Charles Ellicott Commentary Isaiah 24:20

Charles Ellicott Commentary

Isaiah 24:20

1819–1905
Anglican
Charles Ellicott
Charles Ellicott

Charles Ellicott Commentary

Isaiah 24:20

1819–1905
Anglican
SCRIPTURE

"The earth shall stagger like a drunken man, and shall sway to and fro like a hammock; and the transgression thereof shall be heavy upon it, and it shall fall, and not rise again." — Isaiah 24:20 (ASV)

The earth shall reel to and fro ... —The point of the first comparison is obvious. (Compare a similar illustration of a ship tossed by the waves in Psalm 107:27.) The second becomes clearer if we render hammock instead of cottage: a hanging mat, suspended from a tree, in which the keeper of the vineyard slept, moving with every breath of wind—the very symbol of instability.

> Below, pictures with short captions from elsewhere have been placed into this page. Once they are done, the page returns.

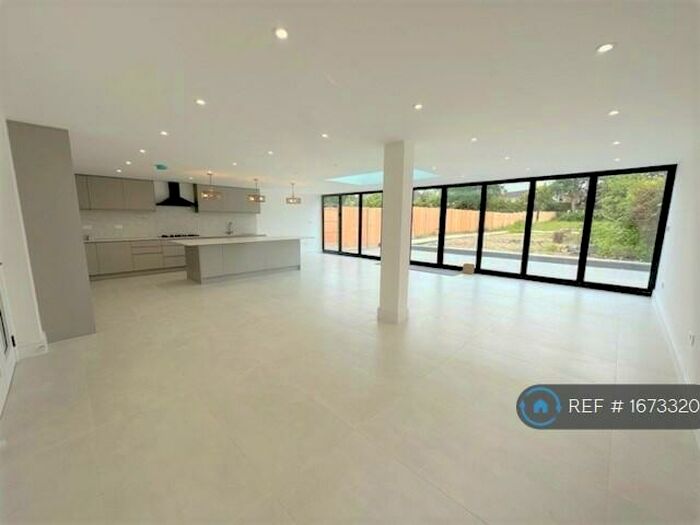 6 Bedroom Detached House To Rent In Crofton Road, Orpington, BR6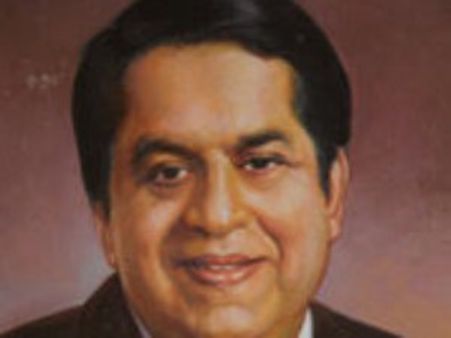 नारायणमूर्ति के उत्तराधिकारी बने कामथ, संभालेंगे इंफोसिस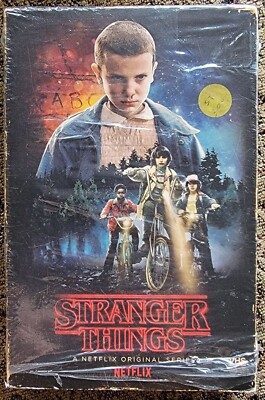 Blu-Ray & DVD - Stranger Things - Season 1- Nexflix - With Poster
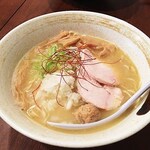 Menya Kohaku - 濃厚鶏そば塩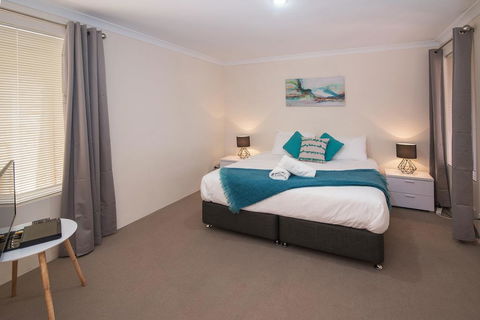 Central Townhouse Margaret River - Gold Coast 4U 0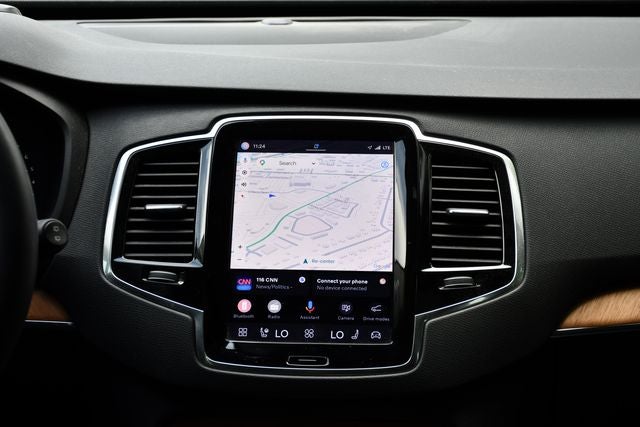 2023 Volvo XC90 B5 Plus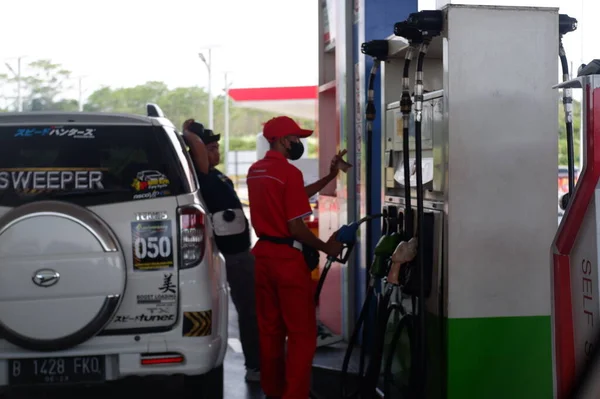 stock image Day time shot of gasoline station with cars, mobil dan kendaraan sedang mengisi BBM bahan bakar minyak di gas station, spbu, jenis pertamax, dexalit dan yang bersubsidi jenis pertalite dan bio solar, nampak mobil antri di jalur masing masing di spbu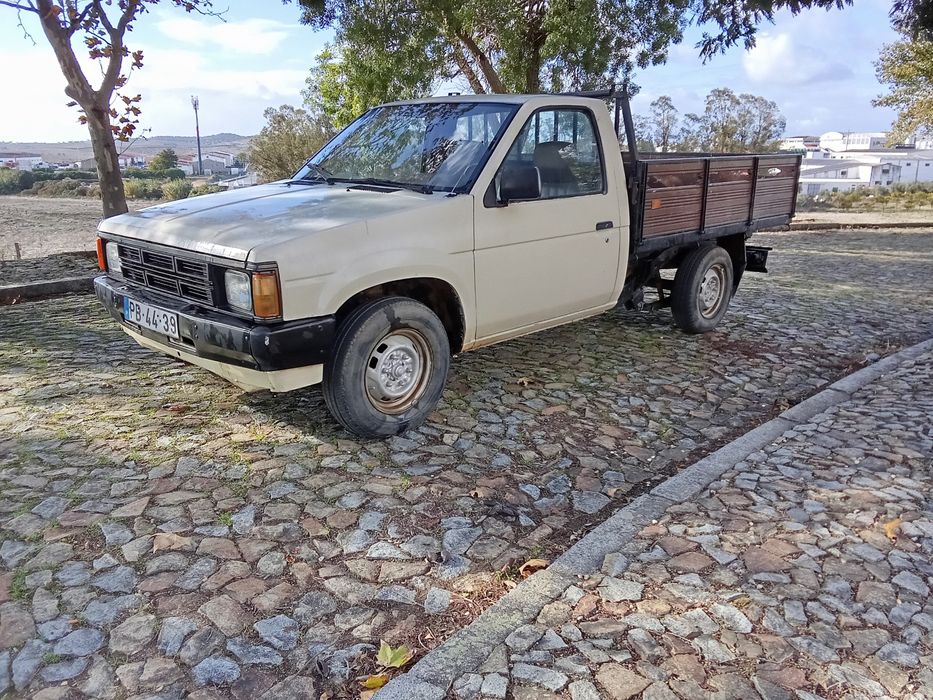 Vendo ou troco Nissan d21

In the words that follow, the prophet traces the destruction to its source. The physical catastrophe is not the result of merely physical causes. The earth totters under the weight of its iniquity, and falls (we must remember the Hebrew idea of the world as resting upon pillars, 1 Samuel 2:8), never to rise again. In its vision of the last things, the picture finds a parallel, though under different imagery, in 2 Peter 3:10–13.